Мне удалось заметить, что, пока Генриетта пела, доктор Фенвик не спускал с нее глаз. Мне кажется, он в нее влюбился, подумала я тогда.
Мне казалось вполне естественным, что любой мужчина, познакомившись с Генриеттой, не может в нее не влюбиться.
Празднование Рождества – и теперь уже никто не смел бы этого отрицать – обернулось блестящим успехом, и даже главная диакониса, будучи женщиной суровой, но справедливой, признала это. Конечно, не обошлось без кое-каких издержек. Например, некоторые больные слишком устали, а тем из них, кто был серьезно болен, наш шумный праздник, к сожалению, не принес радости, а только растревожил. Однако никто не высказал нам этих вполне заслуженных упреков – по мнению персонала, некоторые неудобства с лихвой перекрывались доставленным удовольствием.

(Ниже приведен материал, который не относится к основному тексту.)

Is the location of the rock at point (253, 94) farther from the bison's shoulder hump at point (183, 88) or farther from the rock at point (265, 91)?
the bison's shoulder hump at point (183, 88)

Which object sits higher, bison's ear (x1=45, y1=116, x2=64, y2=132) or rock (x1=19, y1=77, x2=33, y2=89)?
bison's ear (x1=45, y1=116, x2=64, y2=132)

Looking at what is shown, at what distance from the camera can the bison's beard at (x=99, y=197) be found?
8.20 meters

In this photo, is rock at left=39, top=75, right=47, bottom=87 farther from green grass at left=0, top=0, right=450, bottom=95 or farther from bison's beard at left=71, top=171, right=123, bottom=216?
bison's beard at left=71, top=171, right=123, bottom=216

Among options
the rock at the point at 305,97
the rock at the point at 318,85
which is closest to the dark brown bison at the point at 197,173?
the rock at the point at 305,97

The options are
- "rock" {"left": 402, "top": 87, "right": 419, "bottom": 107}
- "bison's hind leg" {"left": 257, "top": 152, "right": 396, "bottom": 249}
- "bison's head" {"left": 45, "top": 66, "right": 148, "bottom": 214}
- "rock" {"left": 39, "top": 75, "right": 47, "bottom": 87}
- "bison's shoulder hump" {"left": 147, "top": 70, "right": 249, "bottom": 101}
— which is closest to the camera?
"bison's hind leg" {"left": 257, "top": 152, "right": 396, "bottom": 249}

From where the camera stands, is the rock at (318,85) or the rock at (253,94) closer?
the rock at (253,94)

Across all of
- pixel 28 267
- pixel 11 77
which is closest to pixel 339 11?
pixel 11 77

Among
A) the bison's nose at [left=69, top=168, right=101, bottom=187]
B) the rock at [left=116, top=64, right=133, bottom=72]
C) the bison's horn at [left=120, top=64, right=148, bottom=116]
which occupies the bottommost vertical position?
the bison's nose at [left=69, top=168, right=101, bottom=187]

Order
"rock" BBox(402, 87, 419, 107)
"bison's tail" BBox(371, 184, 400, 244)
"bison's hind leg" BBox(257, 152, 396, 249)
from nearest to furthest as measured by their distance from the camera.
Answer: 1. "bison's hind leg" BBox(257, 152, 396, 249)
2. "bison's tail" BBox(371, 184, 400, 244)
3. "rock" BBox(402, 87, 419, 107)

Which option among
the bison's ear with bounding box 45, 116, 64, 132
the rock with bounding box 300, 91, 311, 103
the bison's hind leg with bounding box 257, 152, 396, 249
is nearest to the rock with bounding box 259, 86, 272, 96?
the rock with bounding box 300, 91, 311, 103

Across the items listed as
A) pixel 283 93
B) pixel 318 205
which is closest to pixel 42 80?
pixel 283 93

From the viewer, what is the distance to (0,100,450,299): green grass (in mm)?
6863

Главная диакониса позвала нас с Генриеттой в свой кабинет и сказала:
– Ваша идея заслужила самое полное одобрение. Доктора просто в восторге. Вы обе потрудились на славу, и, что очень ценно, при этом не пренебрегали своими непосредственными обязанностями.
Когда мы вышли от главной диаконисы, Генриетта воскликнула:
– Ну, кто бы мог подумать! Конечно, сразу решиться на такой смелый поступок у нее не хватило духу, но еще немного – и на ее лице появилось какое-то подобие улыбки.
– По крайней мере, она признала, что Рождество прошло с успехом.
– А как же иначе? Ведь мы действительно сумели добиться своего, не так ли?
Мы купались в лучах славы несколько дней. И вот наступил Новый год.
– Очень скоро мы уедем отсюда, – напомнила я Генриетте.
– Вам жаль?
– Пожалуй, нет. Здесь было очень интересно. Я чувствую, что многому научилась, можно сказать, настоящая опытная сиделка. Но провести в Кайзервальде всю жизнь я бы не согласилась. А вы?
– Без доктора Фенвика будет скучно. Я внимательно посмотрела на подругу.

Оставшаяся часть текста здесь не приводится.